ACTIVITY: Please reproduce all entries word for word, leaving every image behind.

INPUT DATA:
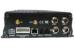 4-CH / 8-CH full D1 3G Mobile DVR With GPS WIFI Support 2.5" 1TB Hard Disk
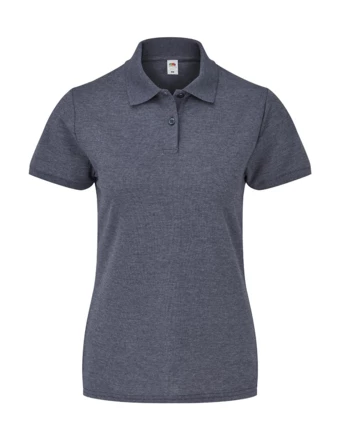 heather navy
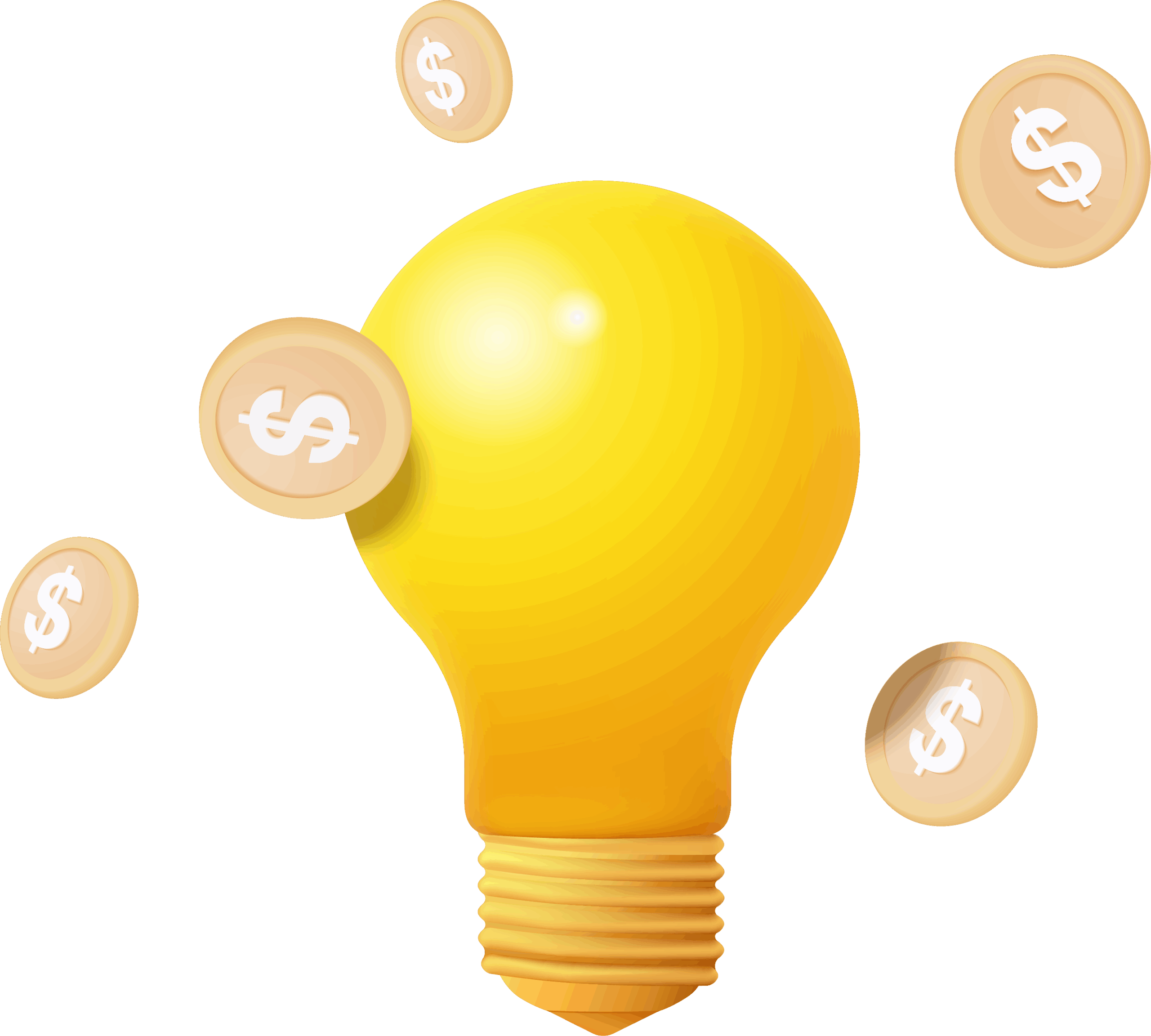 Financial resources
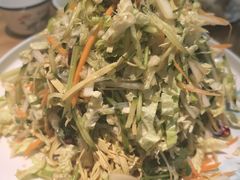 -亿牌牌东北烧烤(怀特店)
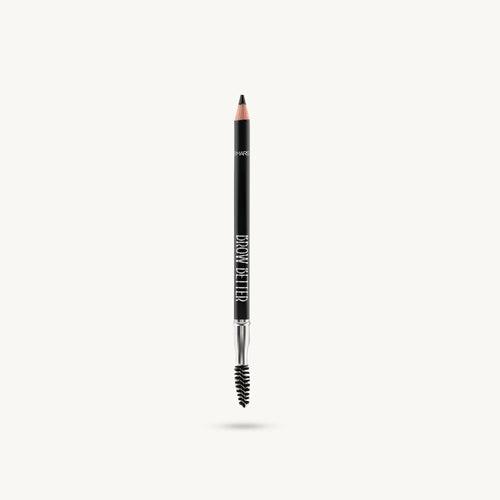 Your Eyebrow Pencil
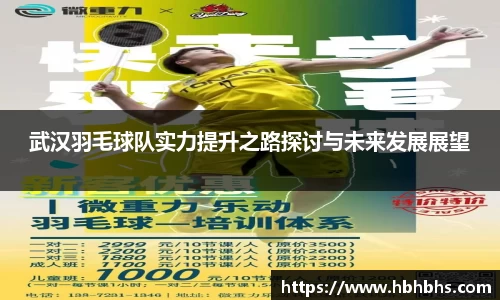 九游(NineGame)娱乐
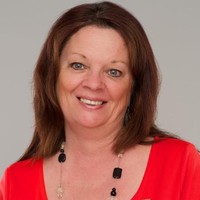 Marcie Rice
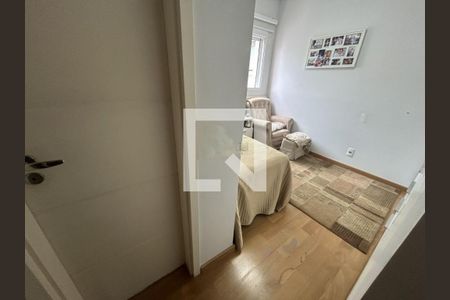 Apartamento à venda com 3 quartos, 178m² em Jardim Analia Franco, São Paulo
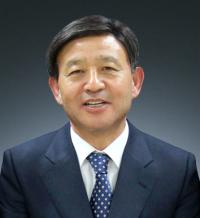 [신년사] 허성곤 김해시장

SOLUTION FOR THIS EXERCISE:
 4-CH / 8-CH full D1 3G Mobile DVR With GPS WIFI Support 2.5" 1TB Hard Disk
 heather navy
 Financial resources
 -亿牌牌东北烧烤(怀特店)
 Your Eyebrow Pencil
 九游(NineGame)娱乐
 Marcie Rice
 Apartamento à venda com 3 quartos, 178m² em Jardim Analia Franco, São Paulo
 [신년사] 허성곤 김해시장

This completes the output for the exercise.